Sabancı Üniversitesi Gösteri Merkezi’nde gerçekleşen tören, saygı duruşu ve İstiklal Marşı ile başladı. Sanat ve Sosyal Bilimler Fakültesi (SSBF) Dekanımız Meltem Müftüler-Baç’ın açılış konuşmasıyla başlayan tören, Rektörümüz Yusuf Leblebici ve SSBF Öğretim Üyemiz Abdurrahman Atçıl’ın konuşmalarıyla devam etti.

Konuşmasında Atatürk’ü anlamanın anlam ve önemine odaklanan Meltem Müftüler-Baç, “Atamızı 85. ölüm yıldönümünde rahmetle, minnetle, saygıyla anarken; bizler için açtığı yol, yarattığı değerler ve hepimize bıraktığı düşünce sistemi, düşünmeyi öğrenme şekline de büyük şükran duyuyoruz” dedi.

Yusuf Leblebici

Rektörümüz Yusuf Leblebici, konuşmasında, Sabancı Üniversitesi’nin her zaman pozitif bilimlerin ve akılcılığın gösterdiği yolda ilerlemeyi benimsediğini belirterek “Kurulduğu günden bu yana Üniversitemizdeki tüm öğretim üyelerimizin, öğrencilerimizin ve mezunlarımızın ortak hedefi bu doğrultudadır. 100. yılını büyük bir coşkuyla kutladığımız Cumhuriyetimizin Kurucusu Atamızın bize gösterdiği yolda, ‘Fikri hür, irfanı hür, vicdanı hür’ dünya vatandaşı gençler yetiştirmek için tüm gücümüzle çalışıyoruz ve çalışmaya da devam edeceğiz. Atamızı bize bu değerli mirası bıraktığı için saygı ve minnetle anıyoruz” açıklamasında bulundu.
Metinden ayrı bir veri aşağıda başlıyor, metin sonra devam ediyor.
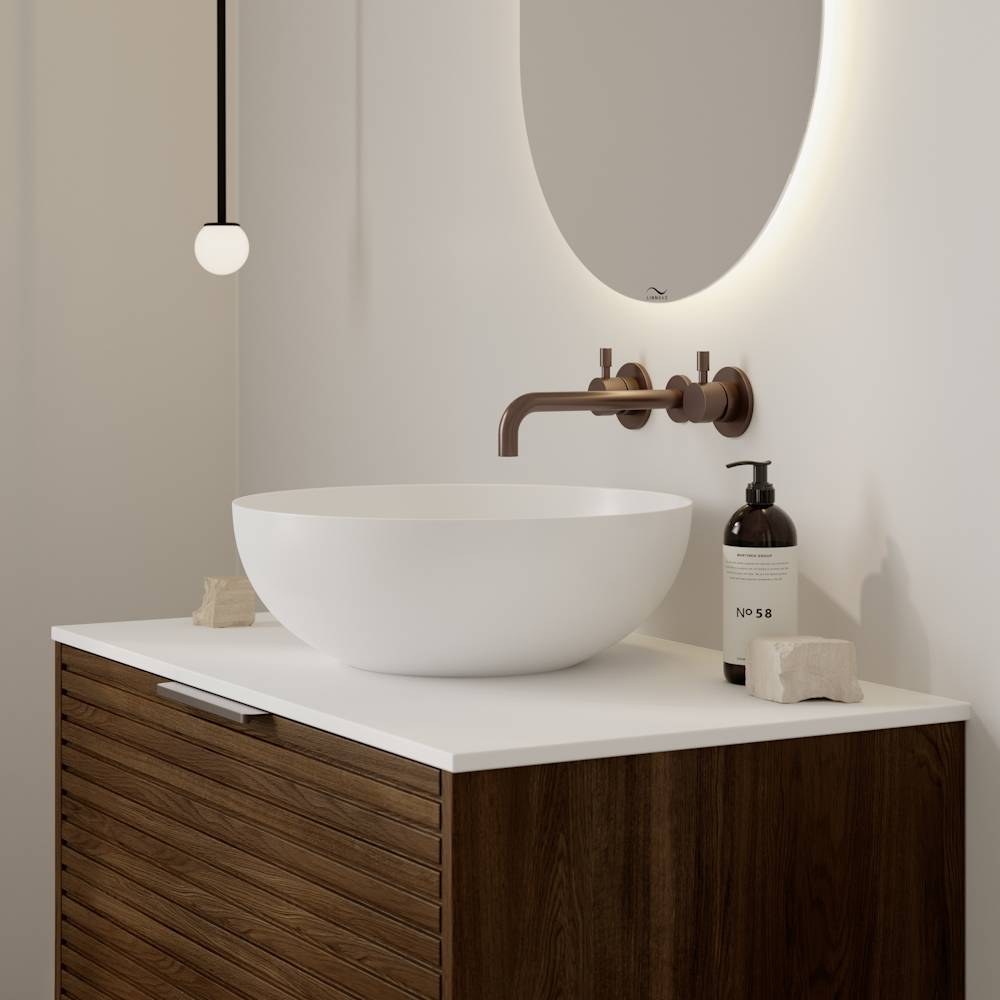 Servantskap Linn Bad Silje 100 cm 2 Skuffer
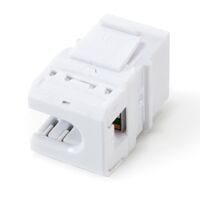 Serveredge Universal Cat6 UTP RJ45 Modular Keystone Jack | ISO/IEC Compliant | UL 94V-O Fire Rated | @Pack of 10 | by SERVEREDGE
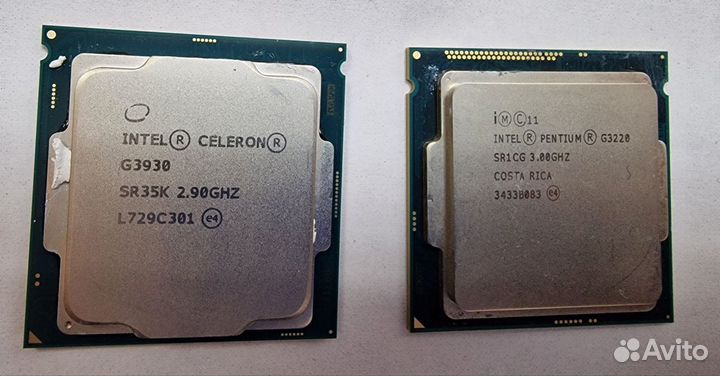Процессор Intel pentium G3220 и celeron G3930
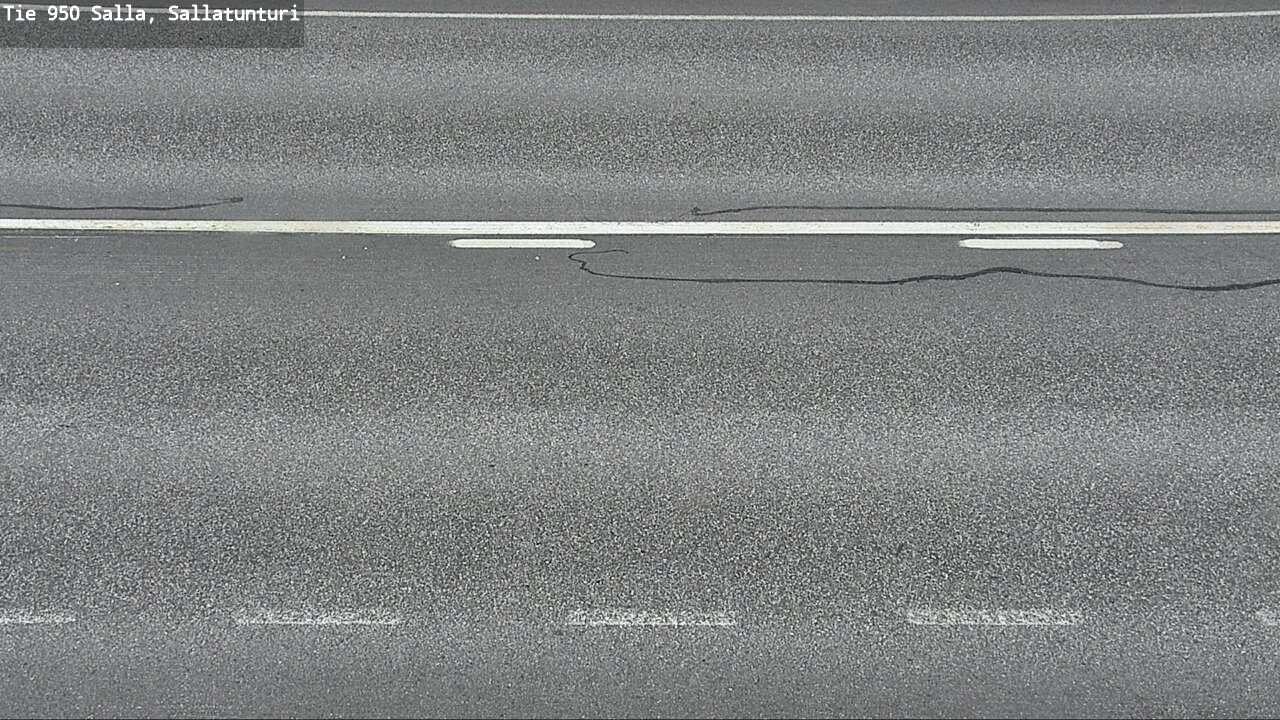 Weather Camera Image Road 950 Salla, Sallatunturi, Salla, Lappi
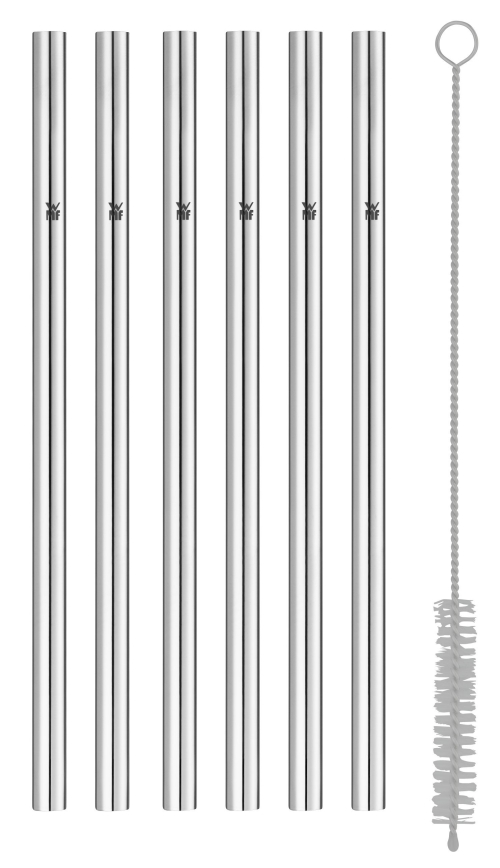 WMF - SETTI 6x Stainless steel straws BARIC + puhdistusharja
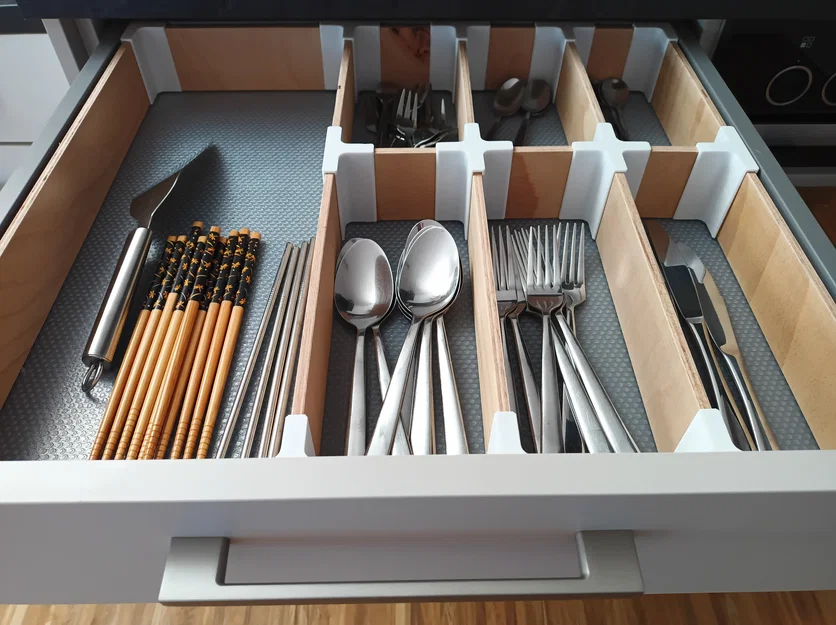 Bộ Vách Ngăn Hộc Kéo Mô-đun (Modular Drawer Dividers) - Image 1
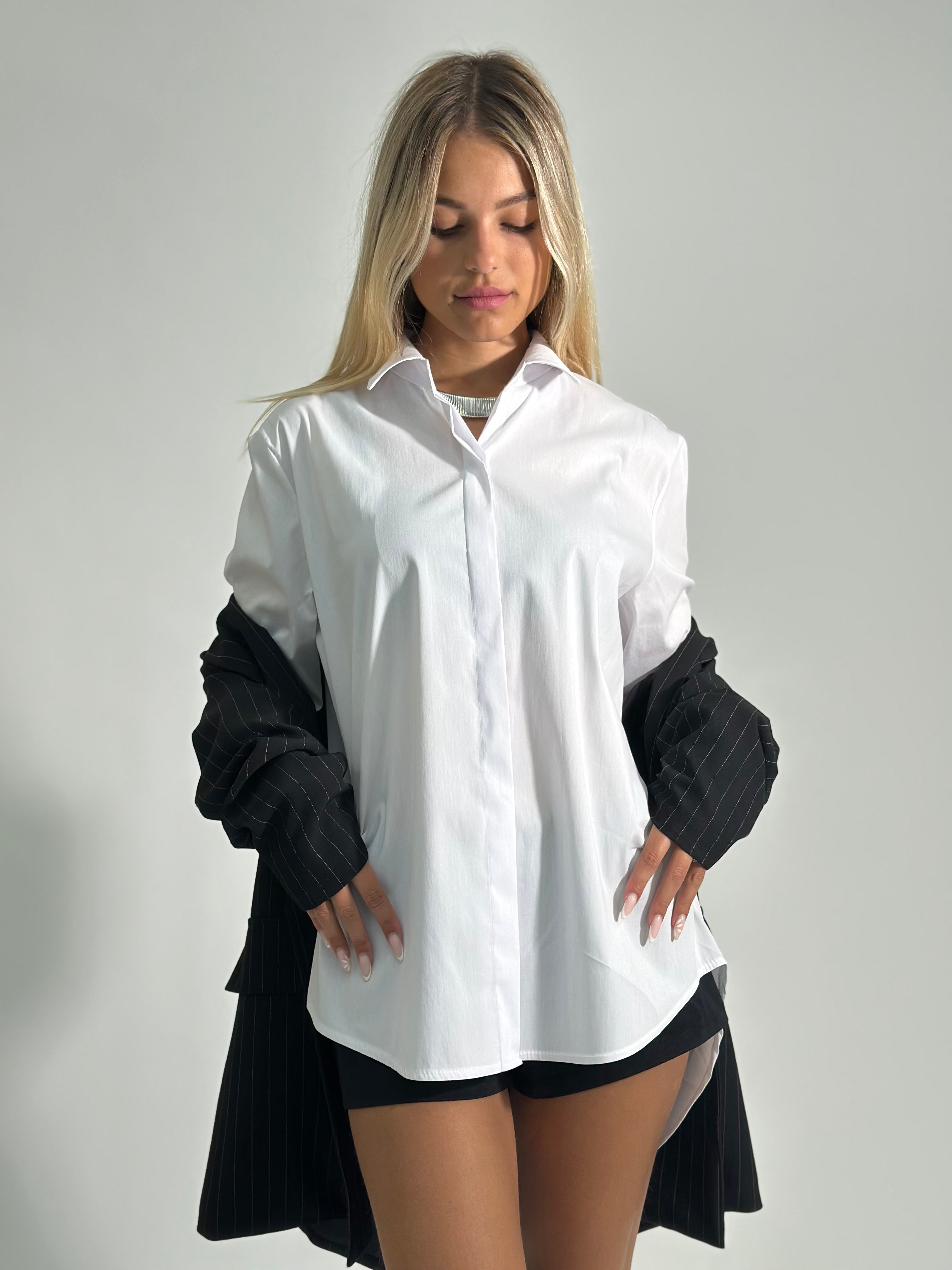 Camicia over confort 50320PN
Anma Töreni’nin bu yılki konuşmacısı olan Abdurrahman Atçıl, Atatürk önderliğinde Türkiye Cumhuriyeti’ni kuran kadroların, Türk hukuk sistemini modernleştirmelerinin, en önemli başarıları arasında sayılabileceğini belirterek, “100 sonradan baktığımızda bize çok doğal gelen hukuk alanındaki değişiklikler o zaman için radikal ve devrimcidir” açıklamasında bulundu. Atçıl, konuşmasını, Atatürk’ün hukuk devriminin motivasyon ve hedefini net bir şekilde ortaya koyduğunu belirttiği, 5 Kasım 1925’teki Ankara Hukuk Fakültesi’nin açılışındaki konuşmasından alıntıyla sürdürdü:

Abdurrahman Atçıl

“Yıllardır süren Türk inkılabı, düşünüşünü, varlığını, sosyal yaşayışını, üzerine kurulduğu yeni hukuk ilkelerini saptamak ve sağlamlaştırmak çaresine inanmıştır.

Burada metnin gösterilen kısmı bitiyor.